Problem statement: The task calls for the lines below from the line with "Современные Мусульманские Бабушки" to the line with "4th image of 10454 California St", both ends included, copied exactly, without any pictures.

Exercise input:

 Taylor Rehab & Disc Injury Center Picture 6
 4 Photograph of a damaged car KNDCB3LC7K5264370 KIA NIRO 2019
---
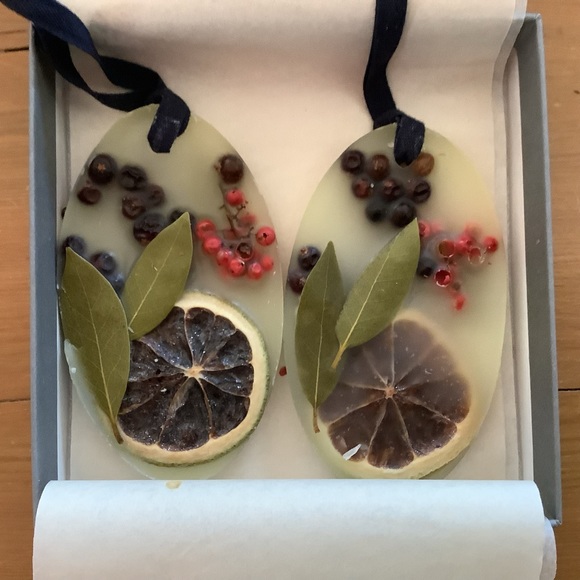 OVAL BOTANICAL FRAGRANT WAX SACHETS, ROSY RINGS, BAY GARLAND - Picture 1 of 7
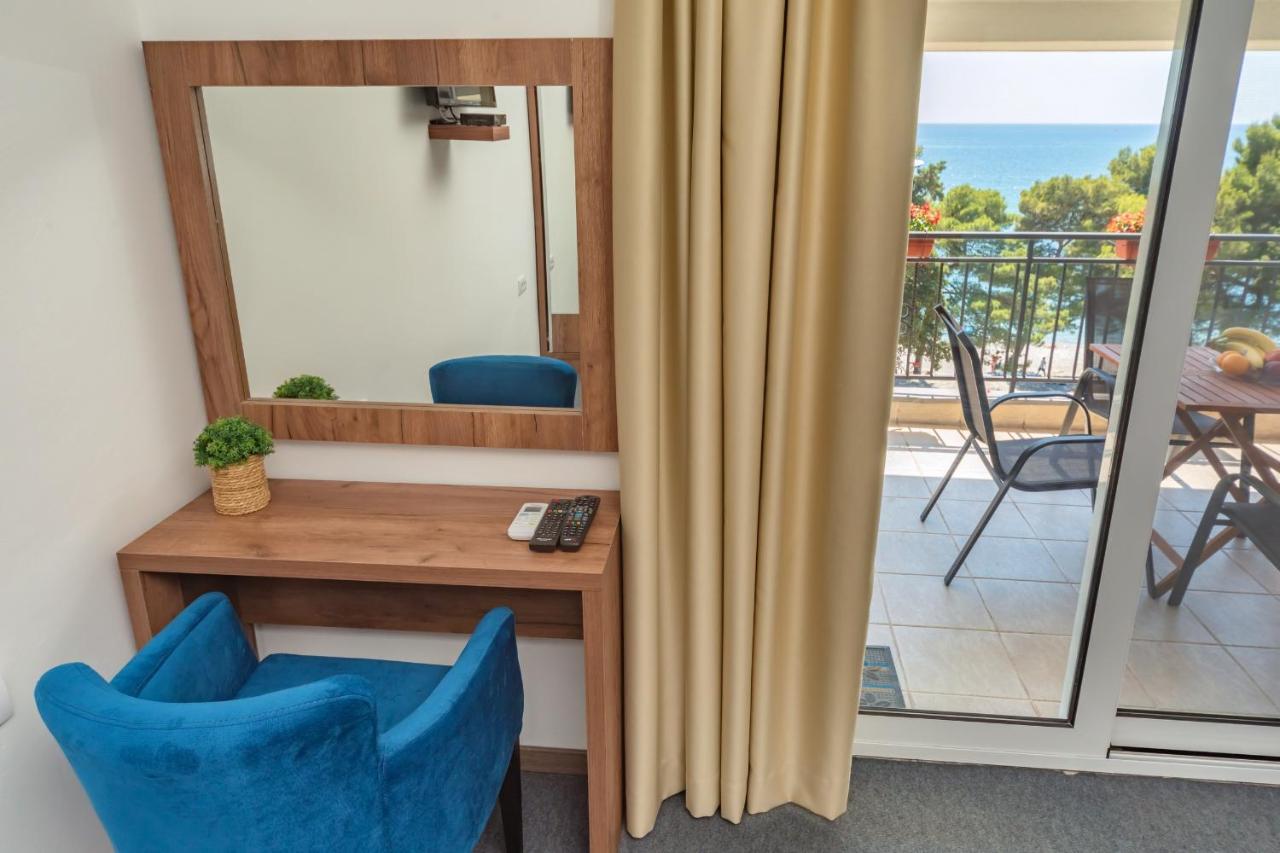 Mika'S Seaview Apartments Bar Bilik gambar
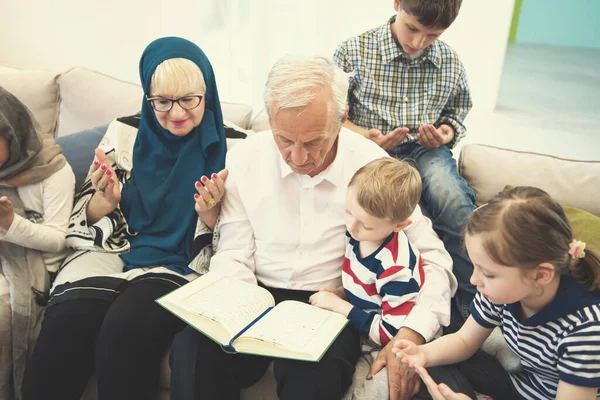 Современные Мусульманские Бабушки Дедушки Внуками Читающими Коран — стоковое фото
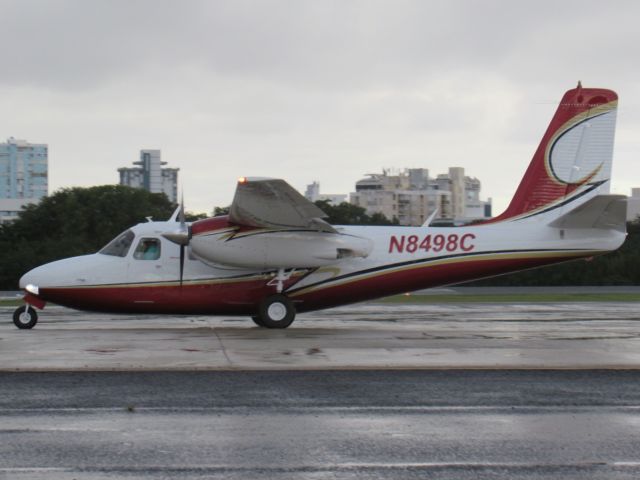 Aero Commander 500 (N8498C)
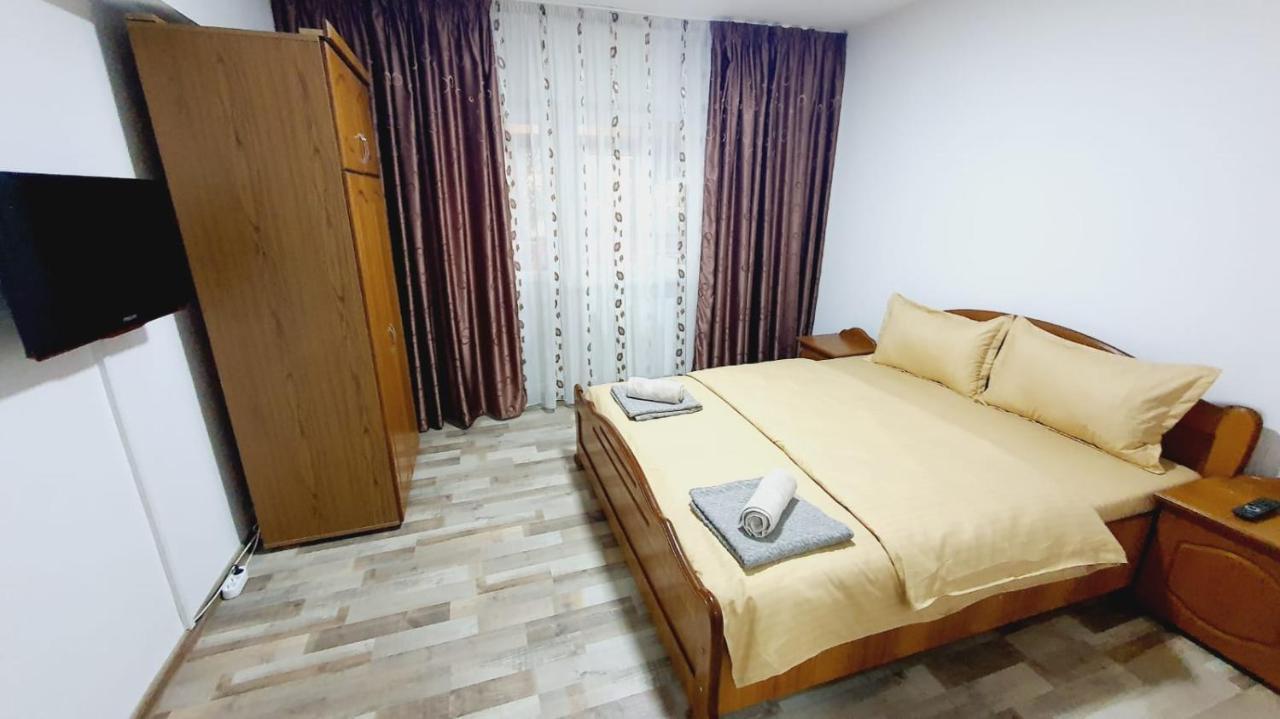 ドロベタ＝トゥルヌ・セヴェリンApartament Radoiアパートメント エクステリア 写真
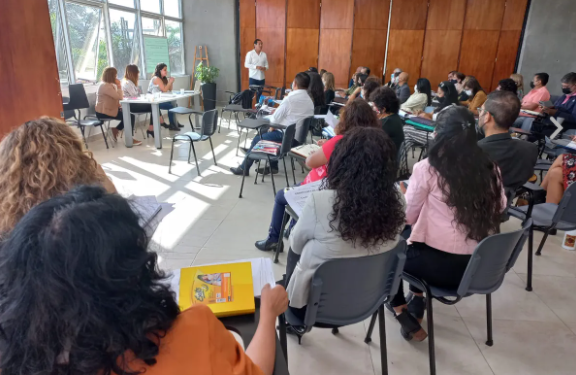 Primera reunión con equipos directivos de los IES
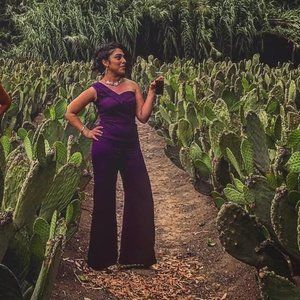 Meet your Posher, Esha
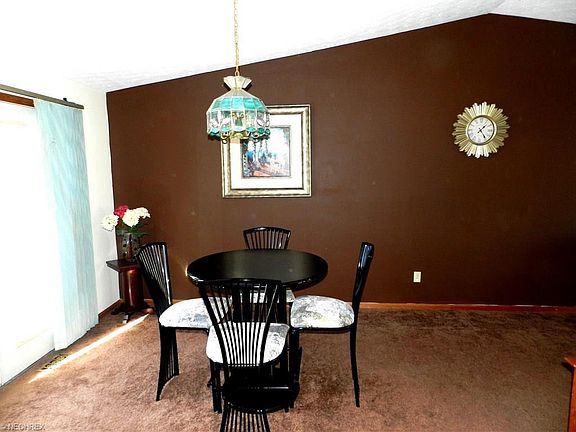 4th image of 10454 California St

Answer box:
 Современные Мусульманские Бабушки Дедушки Внуками Читающими Коран — стоковое фото
 Aero Commander 500 (N8498C)
 ドロベタ＝トゥルヌ・セヴェリンApartament Radoiアパートメント エクステリア 写真
 Primera reunión con equipos directivos de los IES
 Meet your Posher, Esha
 4th image of 10454 California St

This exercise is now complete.